Doubts in dataset loading

divyagupta25 commented 1 year ago

Hi, I want to understand the training of CCT384 + SeqVLAD model on MSLS. I have some doubts in dataset loading.

Could you please explain what is meant by soft and hard positives per query, and why are both used in training but only hard positives during inference?
Shouldn't viewing angle also be used along with utm coordinates to compute hard (i.e., definite) positives? https://github.com/vandal-vpr/vg-transformers/blob/3947df2469d54aca7dfe3b6f6b5b22c242c1c41b/tvg/datasets/dataset.py#L101
How can a query sequence have no positives? https://github.com/vandal-vpr/vg-transformers/blob/3947df2469d54aca7dfe3b6f6b5b22c242c1c41b/tvg/datasets/dataset.py#L136
What is the use of cutting the last frame? https://github.com/vandal-vpr/vg-transformers/blob/3947df2469d54aca7dfe3b6f6b5b22c242c1c41b/tvg/datasets/dataset.py#L63
Could you please explain this? https://github.com/vandal-vpr/vg-transformers/blob/3947df2469d54aca7dfe3b6f6b5b22c242c1c41b/tvg/datasets/dataset.py#L248
(PyTorch doubt) How do we get anything here https://github.com/vandal-vpr/vg-transformers/blob/3947df2469d54aca7dfe3b6f6b5b22c242c1c41b/tvg/datasets/dataset.py#L288 since self.triplets_global_indexes is empty? https://github.com/vandal-vpr/vg-transformers/blob/3947df2469d54aca7dfe3b6f6b5b22c242c1c41b/tvg/datasets/dataset.py#L328
How is the 10 meters constraint being ensured here? https://github.com/vandal-vpr/vg-transformers/blob/3947df2469d54aca7dfe3b6f6b5b22c242c1c41b/tvg/datasets/dataset.py#L310

Could you please help me with these? Thanks in advance!

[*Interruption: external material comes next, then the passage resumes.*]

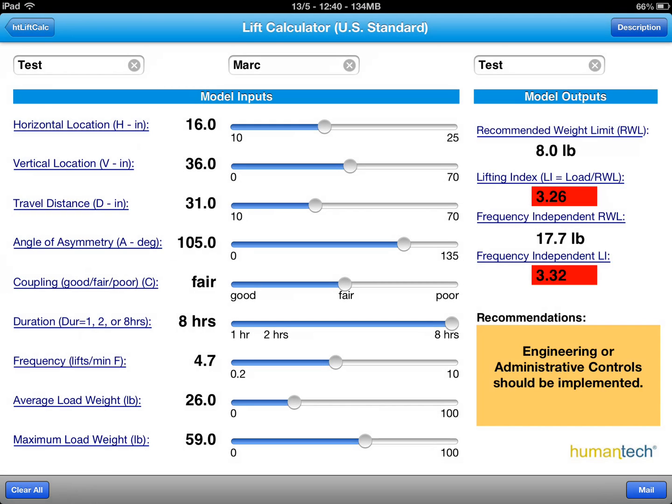It's a nice little tool to be used in the field to quickly assess a given job vis-à-vis the NIOSH lifting equation.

ga1i13o commented 1 year ago

hello,

traditionally in VPR, during training, images within 10 m are considered suitable to be mined as positives. Whereas during inference, usually matches are considered correct if within 25 mt. The reason during training only images within 10 m are considered is that they have a higher chance of having high visual overlap with the query. However, even if we choose positives within 10 m, we want to avoid using as negatives images in the range (10, 25) meters, as this would push them away from the query; and even if they might have not-so-high visual overlap, they would still be considered correct matches if ever retrieved. For this reason during training we keep this distinction; and soft positives are images within 25 m. We need this distinction so that when we select positives, we take them from hard_positives. When we select negatives, we make sure to not select any of them from the soft_positives list. during inference we use only hard_positives, but changing the threshold to 25 m, as we do not need to do mining .
note that this discussion only makes sense for training; for inference we do not care about visual overlap and we are just happy if for whatever reason we retrieva images within 25 m. In VPR there is no clear definition of positive images based on coordinates.Seminal works like netvlad were developed without heading information, and thus relied on mining to select positives: among images within 10 m, we select the one with highest feature similarity to the query. even though more recent datasets like MSLS and SF-XL do provide the heading information, and in the Cosplace paper it is used to build classes, and it does classification rather than metric learning via triplet loss. For retrieval it has never been studied the usage of heading to define positives; for this reason following common practices in literature, we do not try to use heading, simply use 10 m as threshold (during training) for hard positives, and use the network to extract features and pick the closest candidates in feature space, which thus are most likely to have high visual overlap
it can happen (and it does in MSLS) that a query sequence does not correspond to any database sequences within 25 m.
the parameter 'cut_last_frame' is needed because the way the code that builds sequence is written, it only works with odd sequence lengths (3, 5, 7..) ; thus if you wanted to use even sequences, it can be done by setting cut_last_frame true which then cuts the last frame. although usually 5 is the length used
that comment is slightly imprecise. it means that if it is training time, we need to return triplets of query,pos,neg. Instead if it is inference, or we need to initialize netvlad, we will return a single sequence ( 'single image' in the comment)
if you look at the code, after the line 328 that you mentioned, that function computes the mining. In the end, it will fill the global_triplets_index.
https://github.com/vandal-vpr/vg-transformers/blob/3947df2469d54aca7dfe3b6f6b5b22c242c1c41b/tvg/datasets/dataset.py#L351

so in the end it contains the indexes of query, positive, and negative sequences

the 10 m constraint is respected simply because we sample potential positives from the list of hard positives. https://github.com/vandal-vpr/vg-transformers/blob/3947df2469d54aca7dfe3b6f6b5b22c242c1c41b/tvg/datasets/dataset.py#L334

the structure self.pIdx contains for each query sequences the indexes of hard positive sequences

hope I was clear

divyagupta25 commented 1 year ago

Thank you so much for your response. All my doubts are cleared.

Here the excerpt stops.